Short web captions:
■ ■ ■ ■

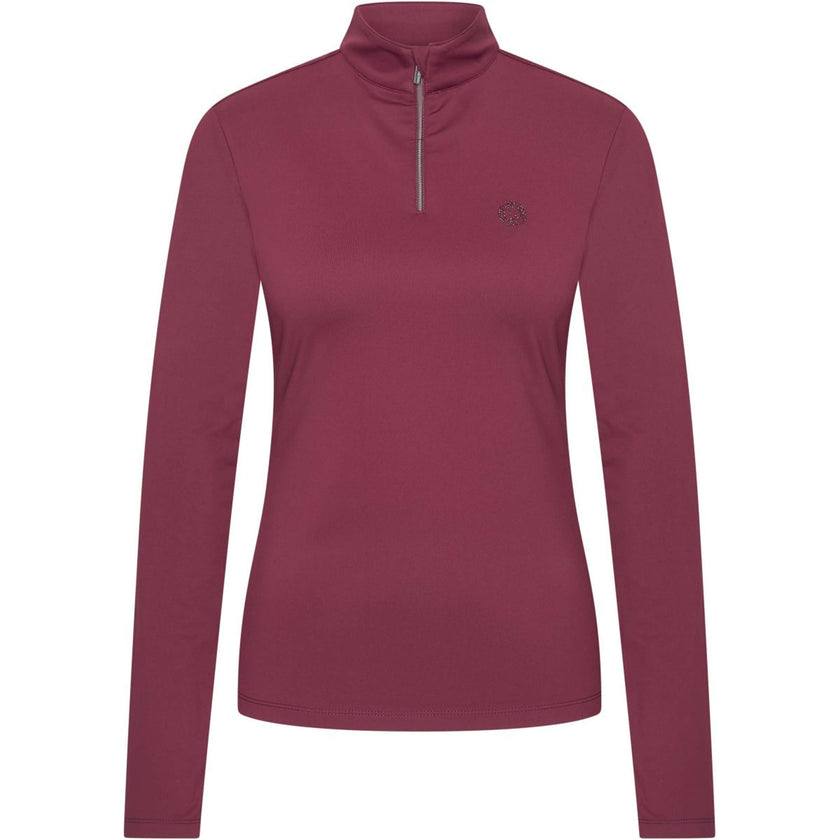 Imperial Riding Shirt IRHAmy Lange Mouwen Fig Imperial Riding Shirt IRHAmy Lange Mouwen Fig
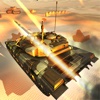 Tank Attack: Urban War Sim - 3D Army Tanks Gunship Battle
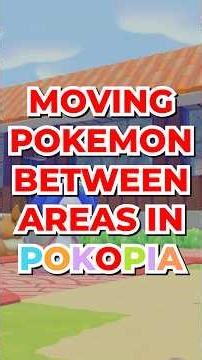 Move your Pokemon between areas!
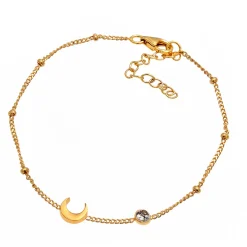 Elli "Kugel-Armband Astro | Quarz ( Transparent )< Symbol-schmuck|Armbänder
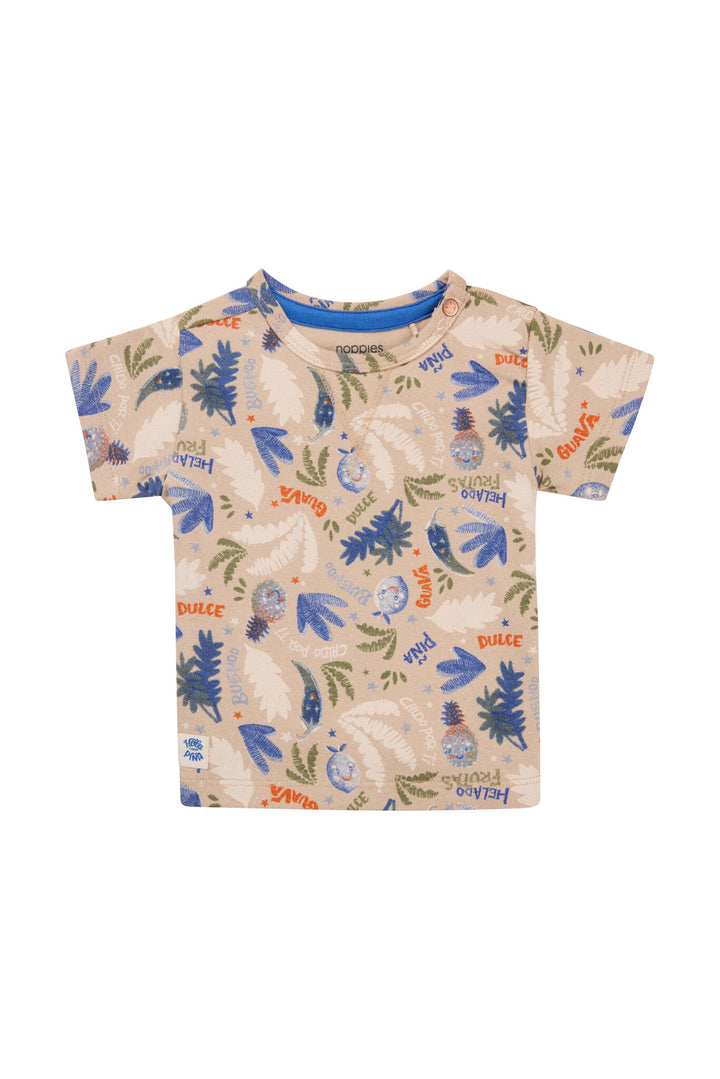 T - shirt Ofunato Fruit pattern MULTICOLOR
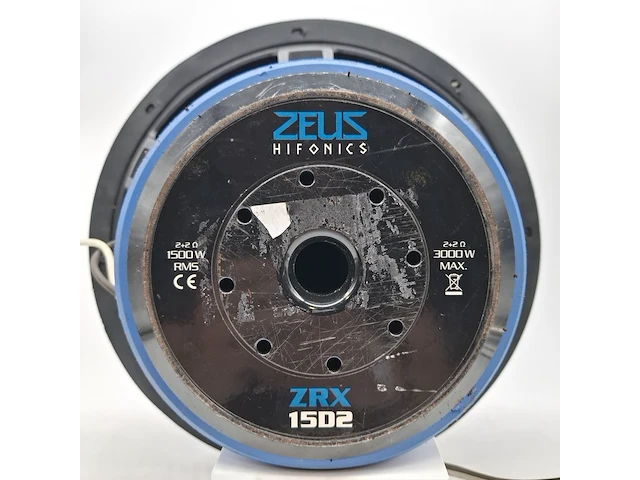 Subwoofer, zeus, zrx15d2 - afbeelding 9 van  12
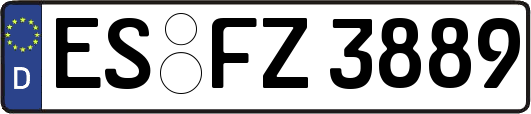 ES-FZ3889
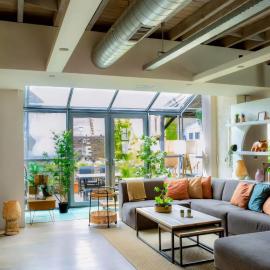 City Loft I Fireplace I Free Parking I Garden Bath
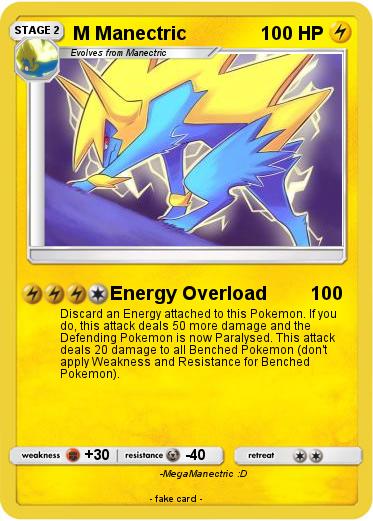 Pokemon M Manectric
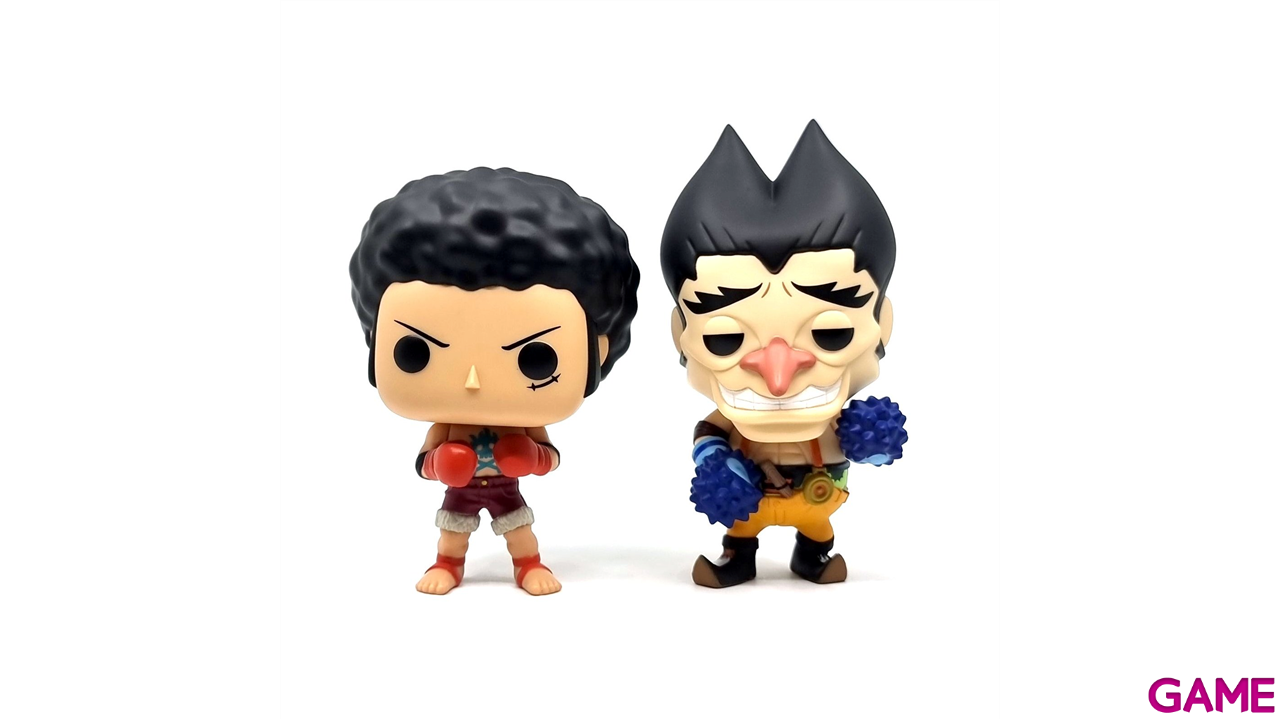 Pack de 2 Figuras One Pice: Luffy y Foxy-7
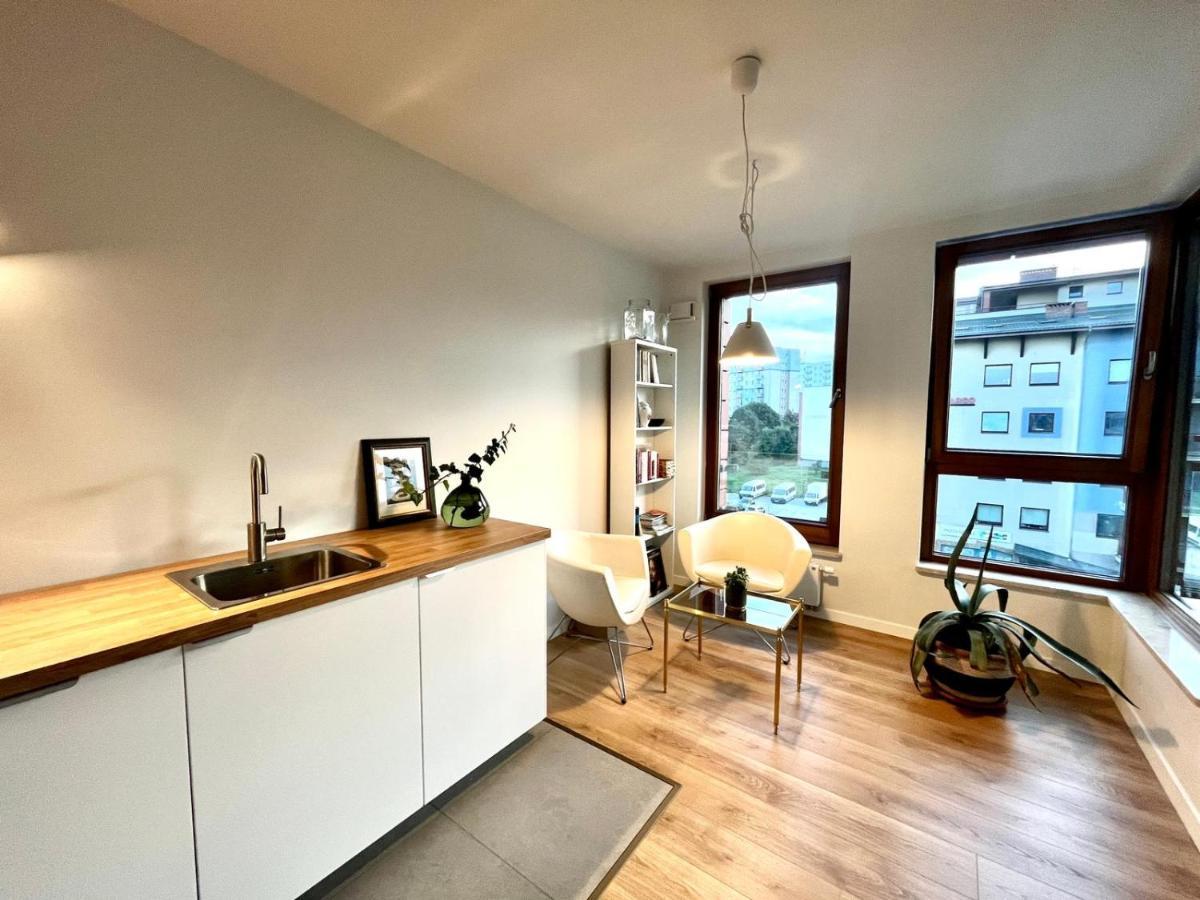Apartament Gdanski Sloneczny Nr 34 Exterior foto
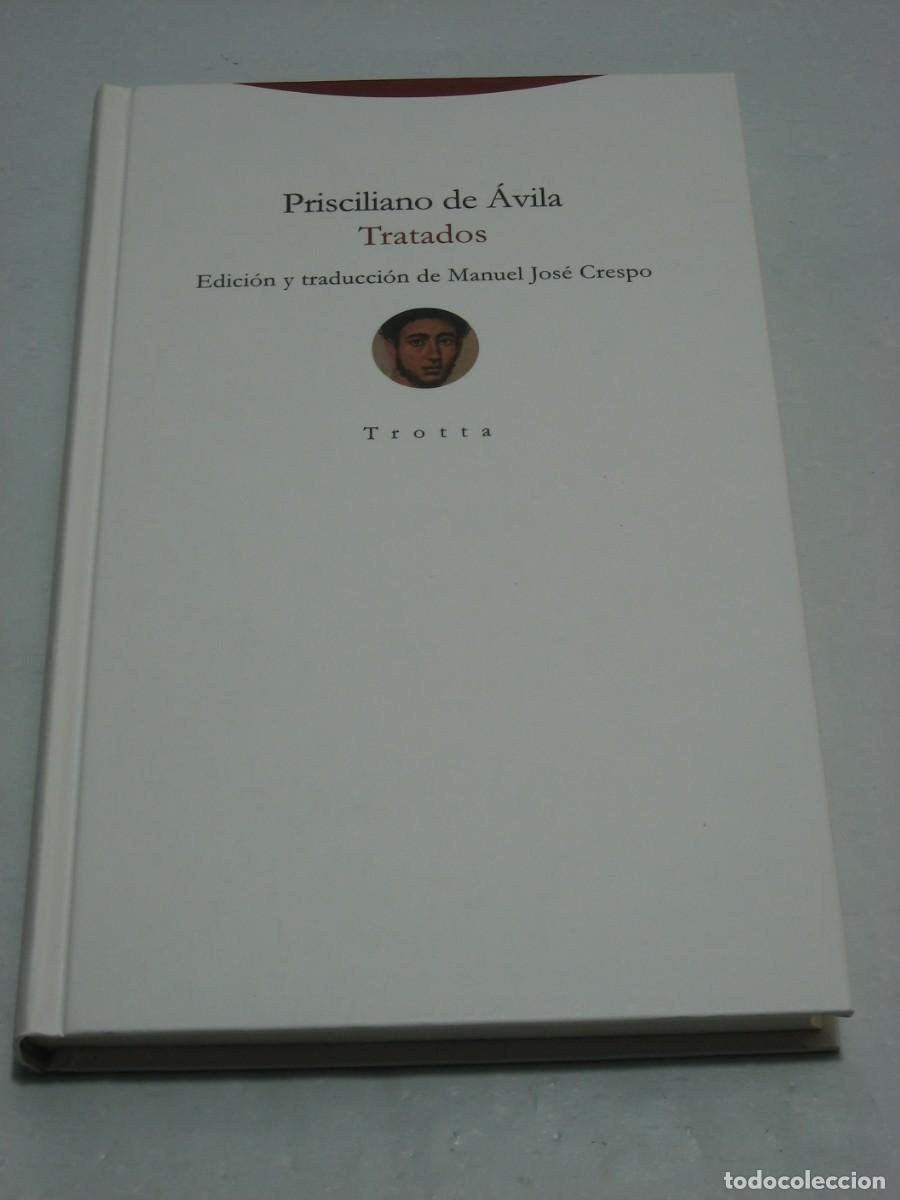 Libros: TRATADOS - Prisciiliano de &Aacute;vila - Foto 1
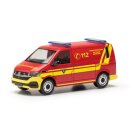 Herpa 097932 - 1:87 VW T6.1 Halbbus &quot;Feuerwehr...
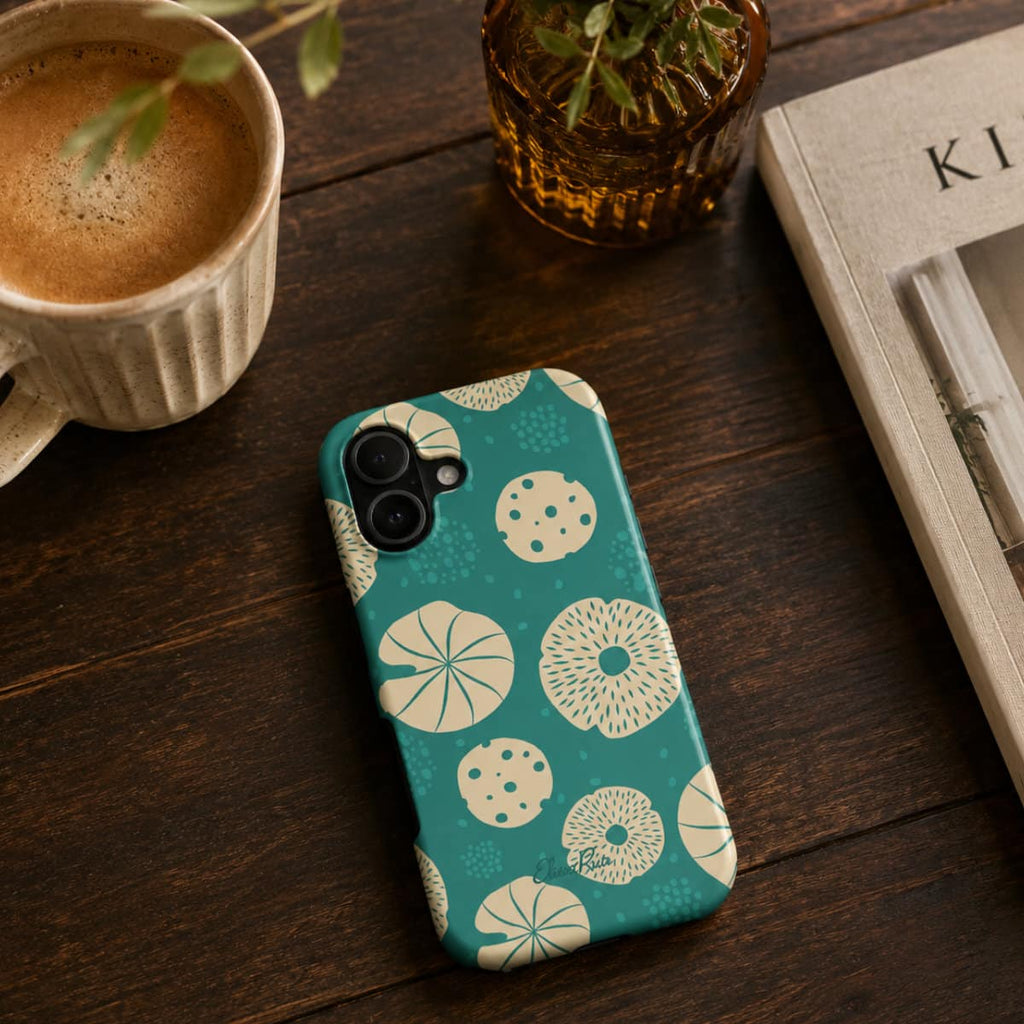 Spotty Mushroom – Tough Phone Case | Elissa Rua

■ ■ ■ ■

§ What you need to do:
Print all entries exactly, without images.

§ Result below:
 Imperial Riding Shirt IRHAmy Lange Mouwen Fig Imperial Riding Shirt IRHAmy Lange Mouwen Fig
 Tank Attack: Urban War Sim - 3D Army Tanks Gunship Battle
 Move your Pokemon between areas!
 Elli "Kugel-Armband Astro | Quarz ( Transparent )< Symbol-schmuck|Armbänder
 T - shirt Ofunato Fruit pattern MULTICOLOR
 Subwoofer, zeus, zrx15d2 - afbeelding 9 van  12
 ES-FZ3889
 City Loft I Fireplace I Free Parking I Garden Bath
 Pokemon M Manectric
 Pack de 2 Figuras One Pice: Luffy y Foxy-7
Apartament Gdanski Sloneczny Nr 34 Exterior foto
 Libros: TRATADOS - Prisciiliano de &Aacute;vila - Foto 1
 Herpa 097932 - 1:87 VW T6.1 Halbbus &quot;Feuerwehr...
 Spotty Mushroom – Tough Phone Case | Elissa Rua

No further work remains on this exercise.